SUPPLIED DATA:

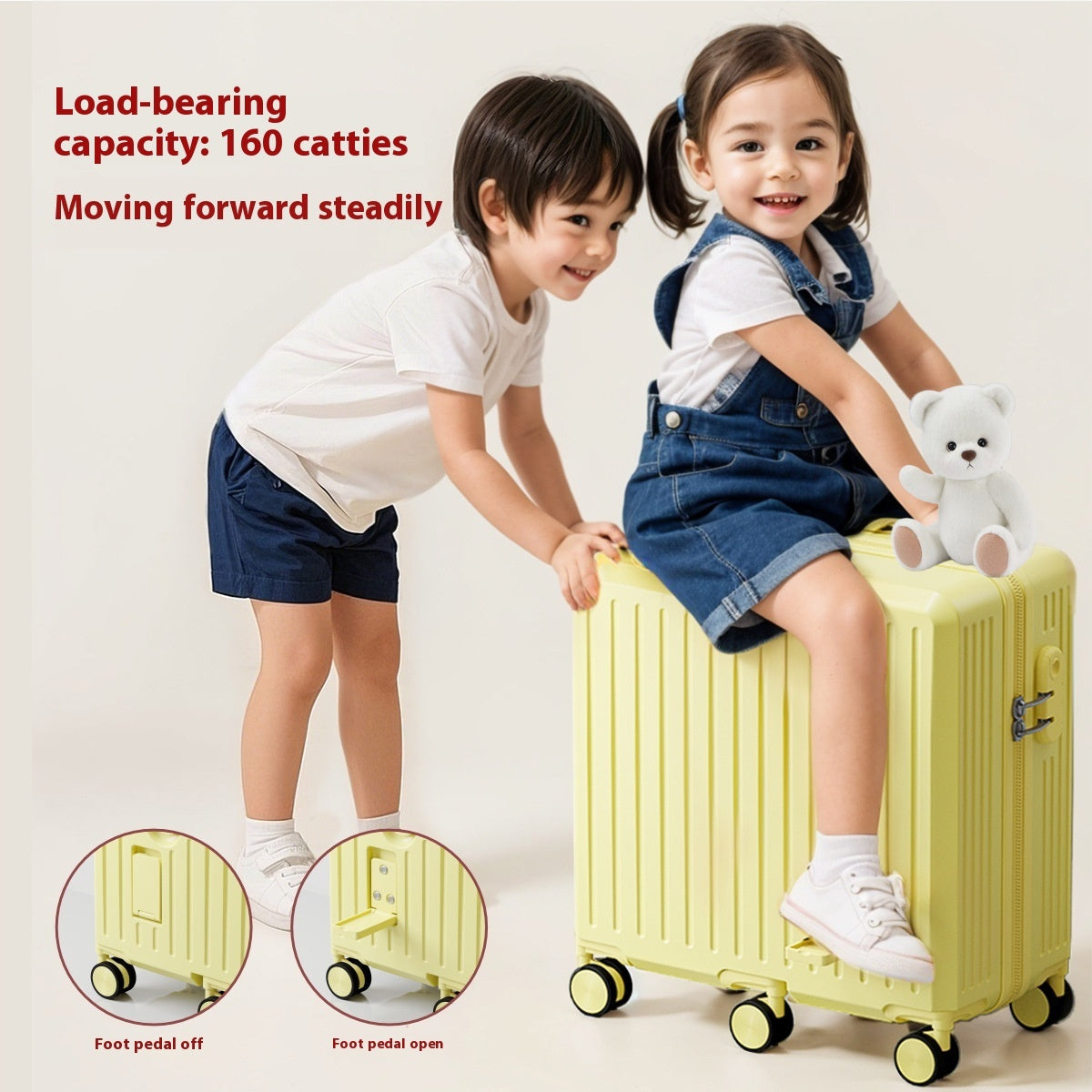 Fashion Personality Small Sitting Trolley Case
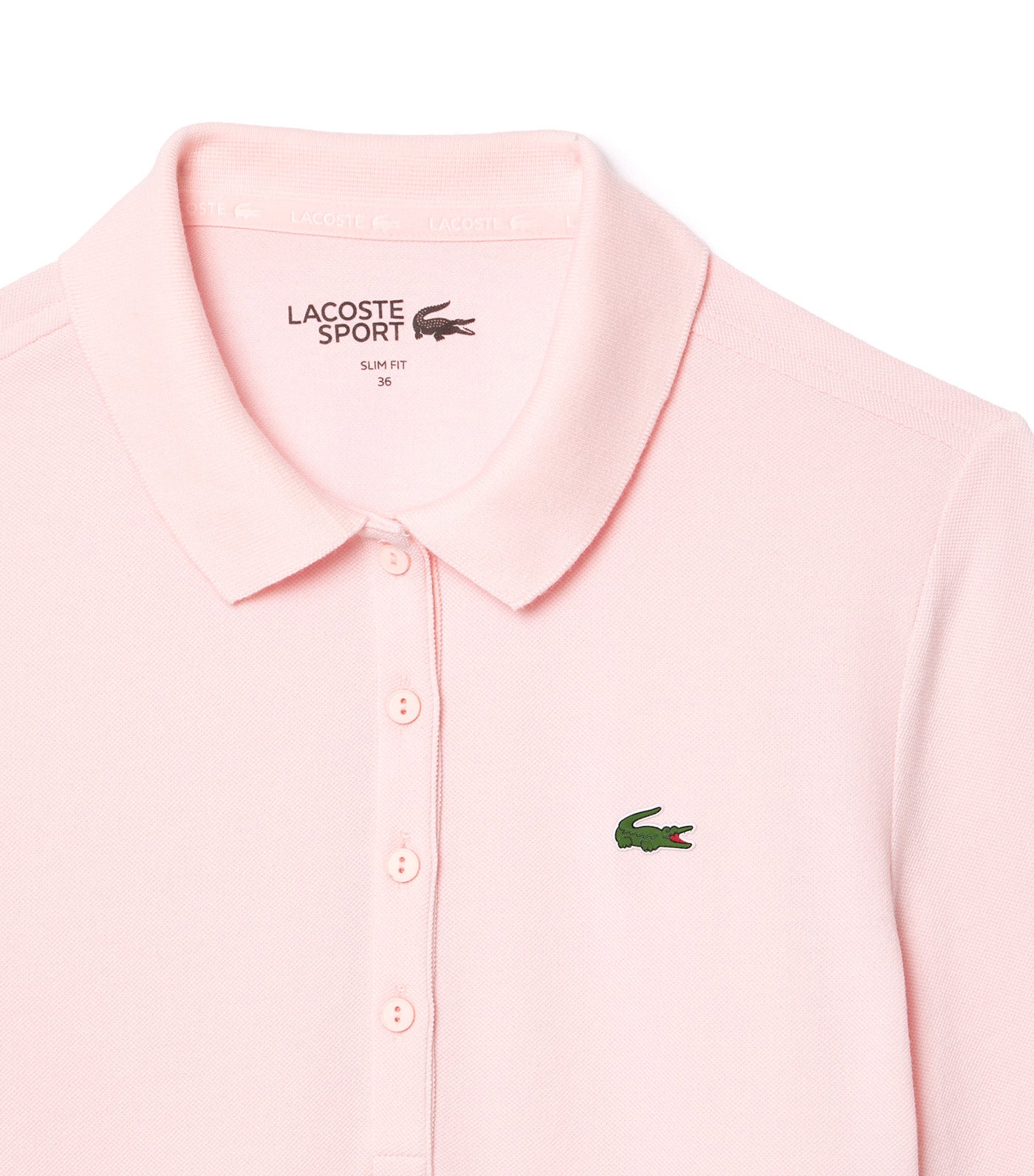 Women's Slim Fit Organic Cotton Golf Polo Shirt Flamingo/Flamingo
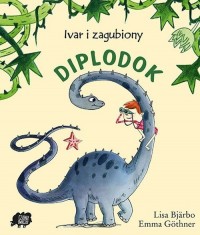 Ivar i zaginiony diplodok - okładka książki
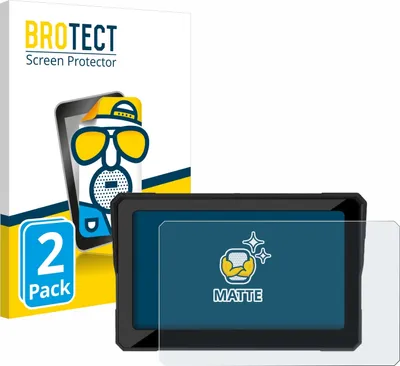 Produktbild von 2x BROTECT Schutzfolie für Carpuride W702 / W702B / W702H / W712D / W702BS 7" Displayschutz Displayschutzfolie Folie Matt Entspiegelungsfolie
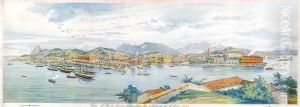 Vista Do Rio De Janeiro Tomada Da Ilha Das Cobras by Ugo Casanova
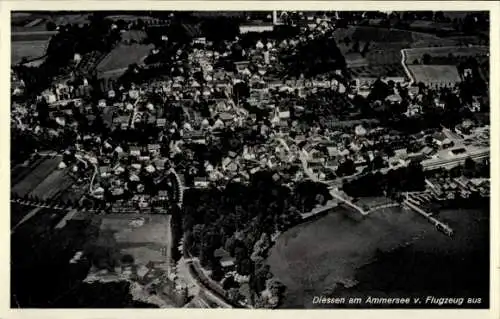Ak Dießen am Ammersee Oberbayern, Fliegeraufnahme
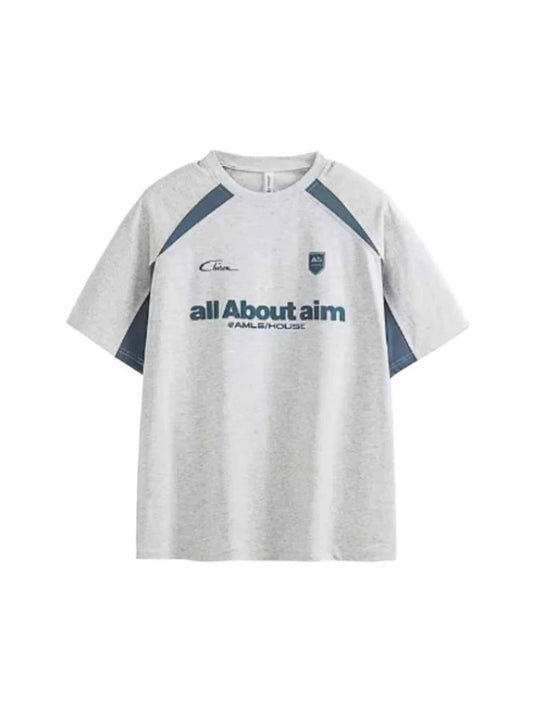 "All About Aim" Contrast Sport Tee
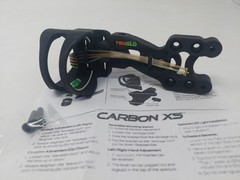 TRUGLO Carbon XS Ultra-Lightweight Carbon-Composite 4 Pin Bow Sight: Black NWOB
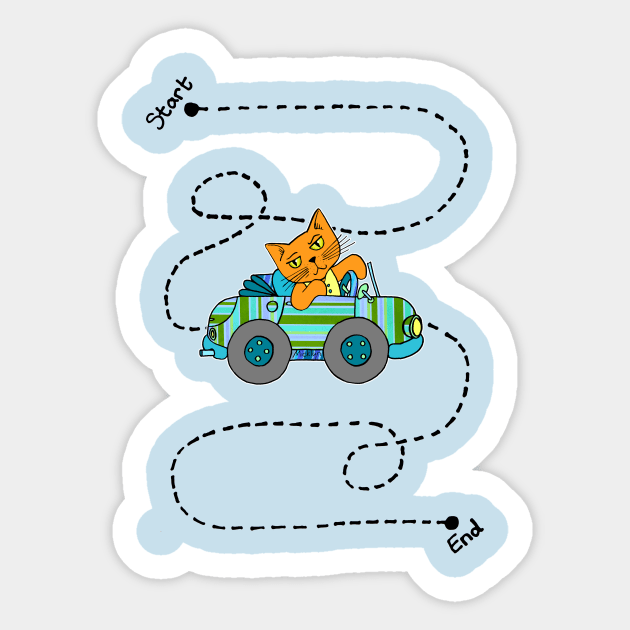 Life's a journey, baby, you gotta enjoy the ride. Sticker by micklyn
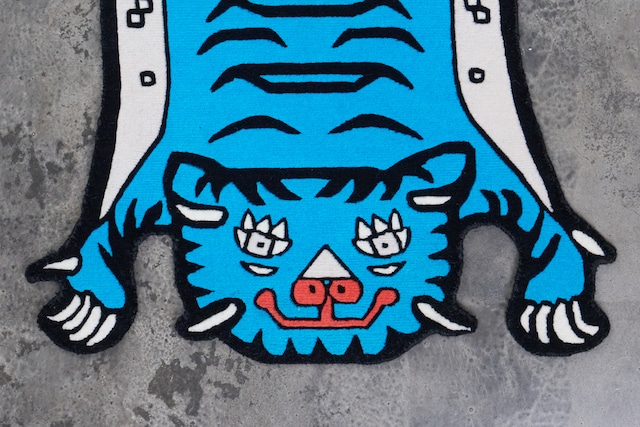 Tibetan Tiger Rug 《Sサイズ•ウール・オリジナル5・Iight blue 626》チベタンタイガーラグ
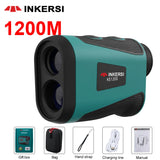 Inkersi Range Finder for Hunting Golf Rangefinder Laser Distance Meter TelescopeTelemeter 400M 1000M 1500M with Flag Pole Lock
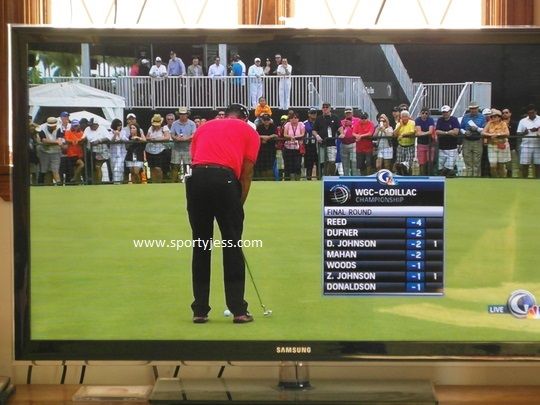 cheering for Tiger Woods watching the WGC-Cadillac golf championship cheering for Tiger Woods watching the WGC-Cadillac golf championship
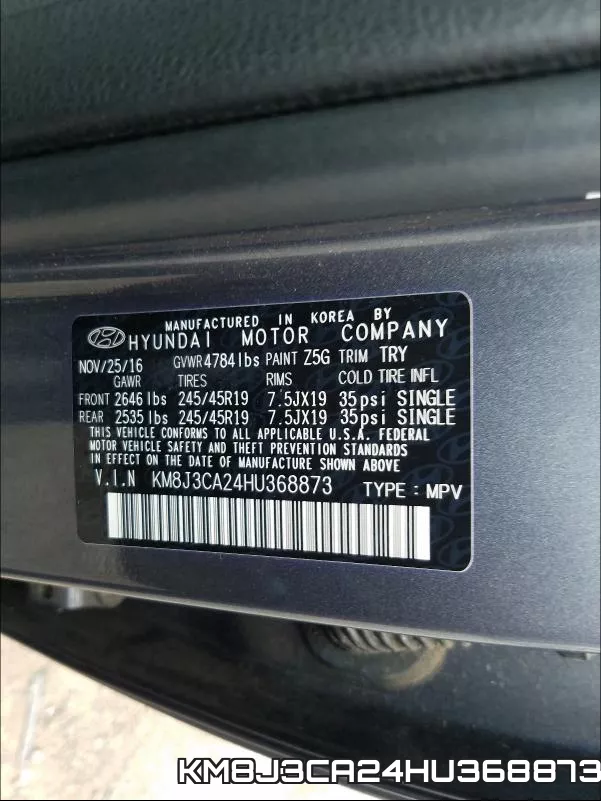 KM8J3CA24HU368873 фото 2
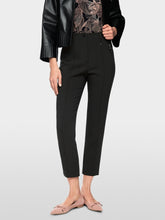 Load image into Gallery viewer, MarcCain Sydney Slim Fit Pants with Crease in Black
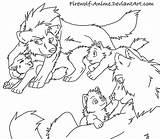 Firewolf Lineart Pup Loup Cuddle sketch template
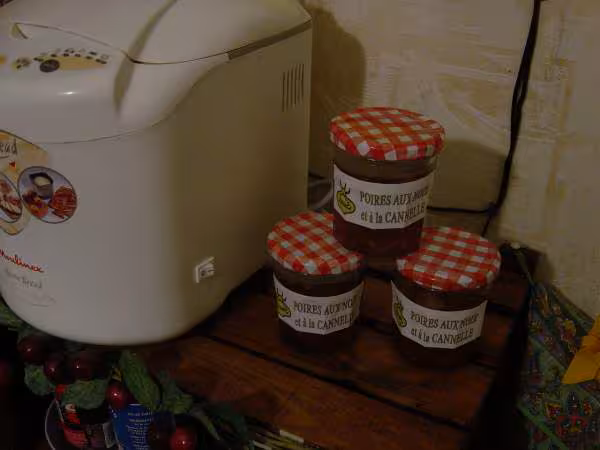 Confiture de poires aux noix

REQUIRED ACTION: Could the material above be given again in full and exactly, with its pictures left out?

RESULT OF THIS TASK:
 Fashion Personality Small Sitting Trolley Case
 Women's Slim Fit Organic Cotton Golf Polo Shirt Flamingo/Flamingo
 Ivar i zaginiony diplodok - okładka książki
 Produktbild von 2x BROTECT Schutzfolie für Carpuride W702 / W702B / W702H / W712D / W702BS 7" Displayschutz Displayschutzfolie Folie Matt Entspiegelungsfolie
 Vista Do Rio De Janeiro Tomada Da Ilha Das Cobras by Ugo Casanova
Ak Dießen am Ammersee Oberbayern, Fliegeraufnahme
 "All About Aim" Contrast Sport Tee
 TRUGLO Carbon XS Ultra-Lightweight Carbon-Composite 4 Pin Bow Sight: Black NWOB
 Life's a journey, baby, you gotta enjoy the ride. Sticker by micklyn
 Tibetan Tiger Rug 《Sサイズ•ウール・オリジナル5・Iight blue 626》チベタンタイガーラグ
 Inkersi Range Finder for Hunting Golf Rangefinder Laser Distance Meter TelescopeTelemeter 400M 1000M 1500M with Flag Pole Lock
 cheering for Tiger Woods watching the WGC-Cadillac golf championship cheering for Tiger Woods watching the WGC-Cadillac golf championship
 KM8J3CA24HU368873 фото 2
 Load image into Gallery viewer, MarcCain Sydney Slim Fit Pants with Crease in Black
 Firewolf Lineart Pup Loup Cuddle sketch template
 Confiture de poires aux noix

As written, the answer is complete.